欲情の余韻で火照る身体に冷水を叩きつける。
滑らかな肌を水流が流れ落ちてゆく。

【[バーシア]】「あのバカ…」

こうして水に身を任せ、クールダウンしている最中も、思い出すのはアイツの事だ。
どうしてワタシは、ここまで来たのだろうか?
よく考えてみれば自分でも答えの出ない不思議な問いかけである。
容姿にひかれたわけでもない。もちろん嫌いというわけでもない。
しかし気が付いたら崩壊を向かえたGIGOで、アイツのことを必死に探している自分がいた。

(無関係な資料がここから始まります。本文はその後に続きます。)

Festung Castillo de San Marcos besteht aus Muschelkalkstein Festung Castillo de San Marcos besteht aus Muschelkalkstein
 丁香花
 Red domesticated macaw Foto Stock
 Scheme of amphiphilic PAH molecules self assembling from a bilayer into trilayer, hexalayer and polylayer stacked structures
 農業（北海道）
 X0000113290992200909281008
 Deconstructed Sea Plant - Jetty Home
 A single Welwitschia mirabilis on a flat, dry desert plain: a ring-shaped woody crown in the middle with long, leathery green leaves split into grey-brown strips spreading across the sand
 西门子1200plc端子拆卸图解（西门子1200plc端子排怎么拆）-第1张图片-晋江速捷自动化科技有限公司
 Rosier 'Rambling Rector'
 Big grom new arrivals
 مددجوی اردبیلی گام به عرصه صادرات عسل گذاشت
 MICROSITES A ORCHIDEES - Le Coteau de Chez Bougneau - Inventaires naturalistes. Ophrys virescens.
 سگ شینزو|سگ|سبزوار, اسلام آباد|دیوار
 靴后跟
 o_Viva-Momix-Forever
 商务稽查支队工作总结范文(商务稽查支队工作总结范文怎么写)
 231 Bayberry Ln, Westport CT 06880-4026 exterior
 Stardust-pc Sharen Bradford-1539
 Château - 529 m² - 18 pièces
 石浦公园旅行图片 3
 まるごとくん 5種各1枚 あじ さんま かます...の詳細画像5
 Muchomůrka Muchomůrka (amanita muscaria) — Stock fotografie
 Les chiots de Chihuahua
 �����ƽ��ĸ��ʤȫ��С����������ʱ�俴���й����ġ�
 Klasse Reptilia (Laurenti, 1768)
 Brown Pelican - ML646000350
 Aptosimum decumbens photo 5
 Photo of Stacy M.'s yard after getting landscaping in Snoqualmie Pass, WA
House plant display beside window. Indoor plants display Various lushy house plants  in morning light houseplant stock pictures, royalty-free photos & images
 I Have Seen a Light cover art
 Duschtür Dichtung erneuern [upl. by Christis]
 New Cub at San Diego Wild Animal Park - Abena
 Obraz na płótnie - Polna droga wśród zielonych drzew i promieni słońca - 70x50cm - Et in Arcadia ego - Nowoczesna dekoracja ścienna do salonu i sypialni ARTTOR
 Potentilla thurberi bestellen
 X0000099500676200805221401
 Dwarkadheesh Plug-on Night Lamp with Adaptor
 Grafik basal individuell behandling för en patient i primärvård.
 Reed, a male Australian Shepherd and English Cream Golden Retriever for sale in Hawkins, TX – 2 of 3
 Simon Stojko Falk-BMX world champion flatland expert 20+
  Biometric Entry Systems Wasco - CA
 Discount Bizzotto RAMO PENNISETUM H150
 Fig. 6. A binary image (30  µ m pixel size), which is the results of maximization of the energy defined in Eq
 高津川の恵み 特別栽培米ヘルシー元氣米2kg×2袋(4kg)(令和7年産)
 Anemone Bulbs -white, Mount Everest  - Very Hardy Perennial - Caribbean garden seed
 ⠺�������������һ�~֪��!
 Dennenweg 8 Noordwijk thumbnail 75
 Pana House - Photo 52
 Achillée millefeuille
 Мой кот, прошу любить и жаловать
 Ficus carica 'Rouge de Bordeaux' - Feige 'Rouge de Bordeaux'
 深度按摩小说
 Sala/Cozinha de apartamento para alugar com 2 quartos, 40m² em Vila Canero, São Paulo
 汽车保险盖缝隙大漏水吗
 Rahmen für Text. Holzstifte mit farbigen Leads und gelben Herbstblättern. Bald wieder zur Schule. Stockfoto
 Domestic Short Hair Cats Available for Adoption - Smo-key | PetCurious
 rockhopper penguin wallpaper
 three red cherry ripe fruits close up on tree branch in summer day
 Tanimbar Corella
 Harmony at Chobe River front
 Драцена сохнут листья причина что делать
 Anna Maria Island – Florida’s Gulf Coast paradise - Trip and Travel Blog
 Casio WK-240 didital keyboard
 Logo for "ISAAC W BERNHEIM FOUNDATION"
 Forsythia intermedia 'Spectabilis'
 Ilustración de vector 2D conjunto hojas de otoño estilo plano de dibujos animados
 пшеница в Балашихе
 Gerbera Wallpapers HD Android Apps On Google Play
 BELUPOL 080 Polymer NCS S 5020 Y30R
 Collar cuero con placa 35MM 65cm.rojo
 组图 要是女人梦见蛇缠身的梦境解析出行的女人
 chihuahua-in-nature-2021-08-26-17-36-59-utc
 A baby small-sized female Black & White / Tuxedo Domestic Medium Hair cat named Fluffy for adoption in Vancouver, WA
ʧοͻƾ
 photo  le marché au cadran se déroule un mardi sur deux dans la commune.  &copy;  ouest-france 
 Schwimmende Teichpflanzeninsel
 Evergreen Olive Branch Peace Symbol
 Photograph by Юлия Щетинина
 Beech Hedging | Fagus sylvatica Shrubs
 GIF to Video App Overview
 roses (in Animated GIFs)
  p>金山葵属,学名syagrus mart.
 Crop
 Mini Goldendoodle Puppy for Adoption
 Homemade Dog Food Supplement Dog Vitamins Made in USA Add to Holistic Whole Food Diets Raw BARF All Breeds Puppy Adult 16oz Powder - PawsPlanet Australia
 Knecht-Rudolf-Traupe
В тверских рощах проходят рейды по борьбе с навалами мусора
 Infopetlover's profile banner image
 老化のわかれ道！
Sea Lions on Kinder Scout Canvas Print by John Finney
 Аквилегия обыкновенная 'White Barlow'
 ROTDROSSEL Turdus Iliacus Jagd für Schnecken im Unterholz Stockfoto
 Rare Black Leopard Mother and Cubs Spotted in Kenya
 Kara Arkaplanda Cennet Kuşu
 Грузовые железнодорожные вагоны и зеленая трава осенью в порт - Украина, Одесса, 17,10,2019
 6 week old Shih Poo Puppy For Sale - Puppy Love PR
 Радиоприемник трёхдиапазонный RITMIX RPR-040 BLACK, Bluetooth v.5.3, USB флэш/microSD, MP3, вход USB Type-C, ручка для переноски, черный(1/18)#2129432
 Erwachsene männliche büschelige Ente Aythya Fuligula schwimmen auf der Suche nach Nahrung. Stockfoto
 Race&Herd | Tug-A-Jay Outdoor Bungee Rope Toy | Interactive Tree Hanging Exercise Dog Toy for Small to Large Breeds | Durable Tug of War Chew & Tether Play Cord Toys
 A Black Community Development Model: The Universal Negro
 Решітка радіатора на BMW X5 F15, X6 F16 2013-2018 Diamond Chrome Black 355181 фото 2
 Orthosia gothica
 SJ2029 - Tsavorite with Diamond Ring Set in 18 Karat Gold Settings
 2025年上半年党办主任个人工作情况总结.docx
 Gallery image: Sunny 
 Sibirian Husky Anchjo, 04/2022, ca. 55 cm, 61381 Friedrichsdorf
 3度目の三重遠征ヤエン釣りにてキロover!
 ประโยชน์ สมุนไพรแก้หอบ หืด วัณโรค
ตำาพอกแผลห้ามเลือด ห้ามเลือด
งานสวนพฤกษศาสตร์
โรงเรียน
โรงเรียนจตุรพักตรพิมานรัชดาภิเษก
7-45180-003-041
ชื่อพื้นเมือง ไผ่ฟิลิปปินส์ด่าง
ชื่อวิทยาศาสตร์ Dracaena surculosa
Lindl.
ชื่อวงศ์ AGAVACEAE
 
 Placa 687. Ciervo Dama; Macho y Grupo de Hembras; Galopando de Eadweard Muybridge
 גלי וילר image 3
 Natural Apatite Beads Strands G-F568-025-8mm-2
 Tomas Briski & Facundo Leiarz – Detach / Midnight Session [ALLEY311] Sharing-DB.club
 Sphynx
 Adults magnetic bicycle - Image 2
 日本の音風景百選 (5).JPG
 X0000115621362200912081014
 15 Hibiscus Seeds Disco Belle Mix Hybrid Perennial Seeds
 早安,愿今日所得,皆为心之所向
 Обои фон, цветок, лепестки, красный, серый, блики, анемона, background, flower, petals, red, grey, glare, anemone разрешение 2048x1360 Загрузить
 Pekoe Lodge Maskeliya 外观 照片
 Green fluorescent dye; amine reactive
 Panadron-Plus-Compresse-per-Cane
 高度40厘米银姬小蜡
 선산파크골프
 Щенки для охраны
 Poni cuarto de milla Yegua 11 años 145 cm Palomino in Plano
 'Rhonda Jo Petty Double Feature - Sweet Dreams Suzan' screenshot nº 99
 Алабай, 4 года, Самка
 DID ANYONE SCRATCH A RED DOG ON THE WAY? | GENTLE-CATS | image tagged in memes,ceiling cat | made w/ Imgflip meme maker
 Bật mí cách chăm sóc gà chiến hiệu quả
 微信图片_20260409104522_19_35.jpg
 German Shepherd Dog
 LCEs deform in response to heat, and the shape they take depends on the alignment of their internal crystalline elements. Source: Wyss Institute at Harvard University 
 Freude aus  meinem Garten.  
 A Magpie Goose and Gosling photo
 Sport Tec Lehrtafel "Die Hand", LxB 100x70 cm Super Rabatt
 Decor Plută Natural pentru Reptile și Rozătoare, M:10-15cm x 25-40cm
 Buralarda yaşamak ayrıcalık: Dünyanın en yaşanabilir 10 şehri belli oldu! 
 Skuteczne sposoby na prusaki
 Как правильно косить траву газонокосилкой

【[バーシア]】「あんなに手酷い歓迎まで受けたというのにな…」

北の軍人であったバーシアを待っていたのは、尋問という名の拷問だった。
それを先導していたのがアイツ。
本来なら憎んでも憎みきれない相手でもあるはずなのだが、不思議と祖国の上官に感じた同じ匂いはしなかったのだ。
これまで付き合わされた男とは明らかに異質なものを嗅ぎ取ることができたのだった。

【[バーシア]】「…そしてここまで来たというわけか…」

共にいる理由もよくわからぬ相手と行動するなど、ロジックと合理性を重視した以前のワタシなら考えもできなかったことだ。
しかし…現実にはここにいる。
ワタシをそうさせたのも、アイツ…というわけだ。
かの祖国では「キリングマシーン」とまで呼ばれたワタシを…
もっとも夜は別の名で侮辱された日々だったがな。

【[バーシア]】「くっ!」

下半身を洗おうと股間に手を伸ばしたところで、過敏な突起に触れてしまったようだ。
本当はこの身体の奥底まで入り込み、この身体にこびりついたアイツの痕跡を洗い流したくはない。
そう、いつまでこういう事ができるのかわからないから…

【[バーシア]】「アイツ…無理して…」

アイツの体調の変化に気づいたのは数ヶ月前からだった。
それまでは、半身は不自由でも元気が溢れるばかりだったが、最近はどうも元気さを装っている気がする。
いや、気のせいじゃないはず。
食欲もおちているが、ワタシを心配させまいと食べたフリをしてこっそり処分しているときもあるようだった。
それに夜の行いも…
そこまで考えて、シャワーの蛇口を閉じ、頭を振りたて邪念を吹き飛ばす。
起こってしまったことは仕方の無いことだ。
出来る限りのことを…これ以上悪くならないように尽力するしかない。

シャー…

【[バーシア]】「アイツがいないなんて…」

そんなこと、想像すらできようか!?

【[バーシア]】「たとえこの身に変えてでも、ミサキとアイツは…しかしこの身体で出来るのだろうか…?」

アイツだけじゃない。ワタシのこの身体も施設でのあの女狐の拷問を経てボロボロの有様だ。
かつての戦闘能力は失われ、変わりに性感帯だけがむき出しにされたこの身体で…
考えていても仕方がない。
そう、とりあえず進むしかない。今日歩んできたように、明日へ、と。
アイツと二人でなら進んでいける気がしていたのだった。